Instance Method Details

#bright_limb_position_angle ⇒ Astronoby::Angle^?

Position angle of the Moon’s bright limb: the position angle of the midpoint of the illuminated limb, measured eastward from the north point of the disk. Geocentric, from the apparent equatorial coordinates of the Moon and the Sun.

Source:

Title: Astronomical Algorithms
Author: Jean Meeus
Edition: 2nd edition
Chapter: 48 - Illuminated Fraction of the Moon's Disk

Returns:

• (Astronoby::Angle, nil) —

  Position angle of the bright limb, between 0 and 360 degrees

# File 'lib/astronoby/bodies/moon.rb', line 136

def bright_limb_position_angle
  return unless sun

  @bright_limb_position_angle ||= begin
    angle = apparent.equatorial.position_angle_to(sun.apparent.equatorial)
    Angle.from_degrees(angle.degrees % Constants::DEGREES_PER_CIRCLE)
  end
end

#current_phase_fraction ⇒ Float

Returns Phase fraction, from 0 to 1.

Returns:

• (Float) —

  Phase fraction, from 0 to 1

# File 'lib/astronoby/bodies/moon.rb', line 96

def current_phase_fraction
  mean_elongation.degrees / Constants::DEGREES_PER_CIRCLE
end

#libration ⇒ Astronoby::Libration

Total geocentric libration of the Moon, in longitude and latitude.

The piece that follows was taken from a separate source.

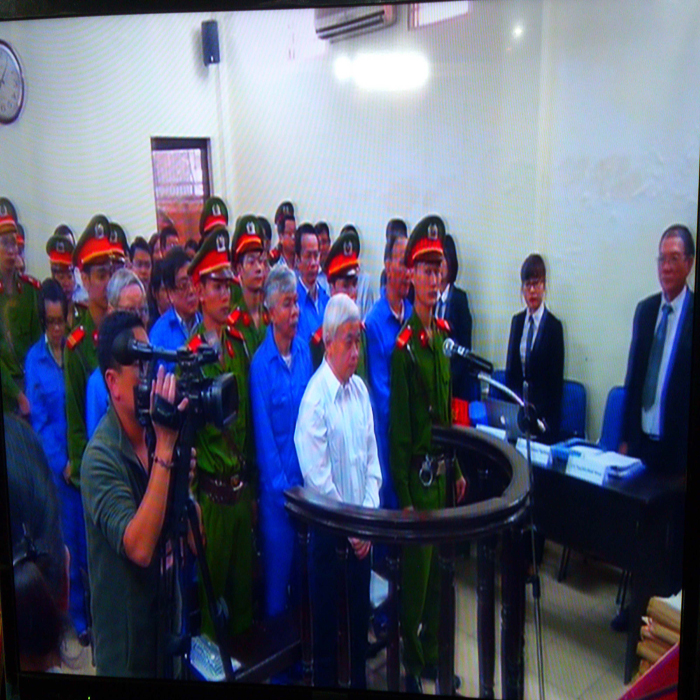 (bgiay)Ngày thứ ba xét xử “đại án bầu Kiên”: Đổ lỗi cho người đã (bgiay)Ngày thứ ba xét xử “đại án bầu Kiên”: Đổ lỗi cho người đã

With an orientation kernel (see orientation: on the constructor), this is the sub-Earth point from the integrated DE orientation, accurate to better than an arcsecond. Without one, it is the analytic optical plus physical libration (Meeus, Astronomical Algorithms, 2nd ed., chapter 53).

Returns:

• (Astronoby::Libration) —

  Libration in longitude and latitude

# File 'lib/astronoby/bodies/moon.rb', line 108

def libration
  lunar_ephemeris.libration
end

#parallactic_angle(observer:) ⇒ Astronoby::Angle

Parallactic angle of the Moon for a given observer: the angle at the Moon between the direction of the north celestial pole and the direction of the observer’s zenith. Computed from the topocentric place, where lunar parallax is significant.

Source:

Title: Astronomical Algorithms
Author: Jean Meeus
Edition: 2nd edition
Chapter: 14 - The Parallactic Angle

Parameters:

• observer (Astronoby::Observer) —

  Observer for whom to compute the parallactic angle

Returns:

• (Astronoby::Angle) —

  Parallactic angle

# File 'lib/astronoby/bodies/moon.rb', line 158

def parallactic_angle(observer:)
  equatorial = observed_by(observer).equatorial
  declination = equatorial.declination
  hour_angle = equatorial.compute_hour_angle(
    time: @instant.to_time,
    longitude: observer.longitude
  )

  Angle.from_radians(
    Math.atan2(
      hour_angle.sin,
      observer.latitude.tan * declination.cos -
        declination.sin * hour_angle.cos
    )
  )
end

#position_angle_of_axis ⇒ Astronoby::Angle

Position angle of the Moon’s axis of rotation, measured eastward from the north point of the disk.

With an orientation kernel this comes from the integrated DE orientation; without one, from the analytic series (Meeus, Astronomical Algorithms, 2nd ed., chapter 53).

Returns:

• (Astronoby::Angle) —

  Position angle of the axis

# File 'lib/astronoby/bodies/moon.rb', line 120

def position_angle_of_axis
  lunar_ephemeris.position_angle_of_axis
end